Partnertrack & Legal Sanity & Biz-Media-Law Blog


Last night I attended Partnertrack, a monthly cocktail organized by superstar lawyer Olivera Medenica, Co-Chair of the Entertainment Media Intellectual Property & Sports Law Section of the New York County Lawyers' Association. Olivera always picks a cool new place - this time Gstaad Restaurant on 26th Street. I was running late and the NYCLA website didn't have the details on the party location, so I called Marty Novar, Olivera's Co-Chair to get directions. The place was packed with good-looking professionals - not just lawyers - and everyone was having a good time. Name tags are always geeky, but they make people friendlier and in such great surroundings they almost looked kinda hip. I apologized to Olivera for missing what I hear was her spectacular piano recital at the National Arts Club, given in honor of Judge Buckley, Chief Judge of the Appellate Division, First Department.

With my column deadline looming, I grabbed the opportunity to interview Kaiser Wahab, of Wahab & Medenica. Kaiser said that practically all his new clients come from his blog - that the business he'd gotten was amazing. He said that the clients tended to be younger and tech oriented, and he'd gotten a lot of film business that way. Kaiser built his blog himself and said that his tech-oriented clients would expect that he'd do it that way. He recommended combining the blog with the firm website. I asked him how to do it and he said the fastest and cheapest way would be to hire a tech person, have the person next to you, and to spend a couple of hours learning how to do it yourself. Since that's how my partner and I put together the Dowd & Marotta website, I was very much in tune with that approach.

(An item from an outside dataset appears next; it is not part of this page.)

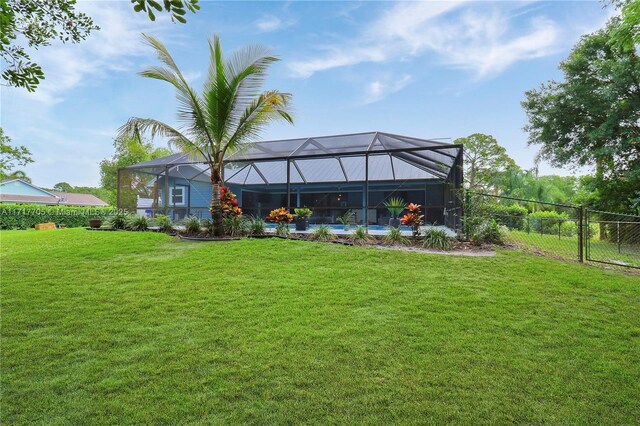 rear view of house with glass enclosure, a fenced in pool, a fenced backyard, and a lawn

Kaiser said he would prefer to post weekly, but does it only about twice a month. He says he spends very little time on it. Olivera said that she'd gotten a speaking invitation and some interesting leads from a post she'd blogged on cultural property.

This afternoon I called Arnie Herz. I'm looking at two pages of scratch notes containing information Arnie downloaded on me. Yes, Arnie, you were talking too fast! The first scribble on my legal pad says "tremendous fun" - so I'll rely on my contemporaneous notation to sum up Arnie's reaction to my question of "why blog".

The remaining two pages of notes reflect my brutal cross-examination, during which I teased out the truth: not only is Arnie having fun, but he's got a tremendous audience, is making money, and he loves what he's doing! Arnie and his wife Lori (disclosure - we were all classmates at Fordham Law, Class of '91) - collaborate on the blog and Arnie credits Lori for much of the blogwork.

Legal Sanity posts every other day. They started at zero and over a period of 20 months have built a readership of 18,000. You'll note that the links for Legal Sanity and Arnie Herz take you to the same website/blog combination favored by Kaiser Wahab.

Arnie hired his own web designer. To pull in traffic and host the blog infrastructure, Arnie used Kevin O'Keefe of LexBlog. He was very happy with the result. O'Keefe was also recommended by Marty Schwimmer (see my earlier post interviewing Marty of The Trademark Blog). Arnie said that O'Keefe is very busy these days, but that he really knew the legal market. Lexblog listed Legal Sanity in its blogroll, submitted Legal Sanity to search engines, and otherwise made Arnie feel that he got terrific service for an ongoing monthly fee.

Arnie helped me understand some of the Sitemeter (see my earlier post) statistics. If 3,000 people visit your blog 3x per month, you have 9,000 visitors. "Hits" are meaningless, but always the biggest number. Page views are the most important because they tell you how much people actually read.

I asked Arnie whether people could subscribe to Legal Sanity by submitting their email. He said yes, but that very few people used it - most used RSS (see my earlier post on Real Simple Syndication). [[[ Hmm - can I link back to myself?? ]].

Arnie explained the netiquette of blogging: "give props". (Me: Could you spell that?) (Arnie: P-R-O-P-S). Props means crediting people constantly for having come up with ideas. Arnie's a positive guy, so he means thanks, but even the anger bloggers give props to their enemies: it increases their hits.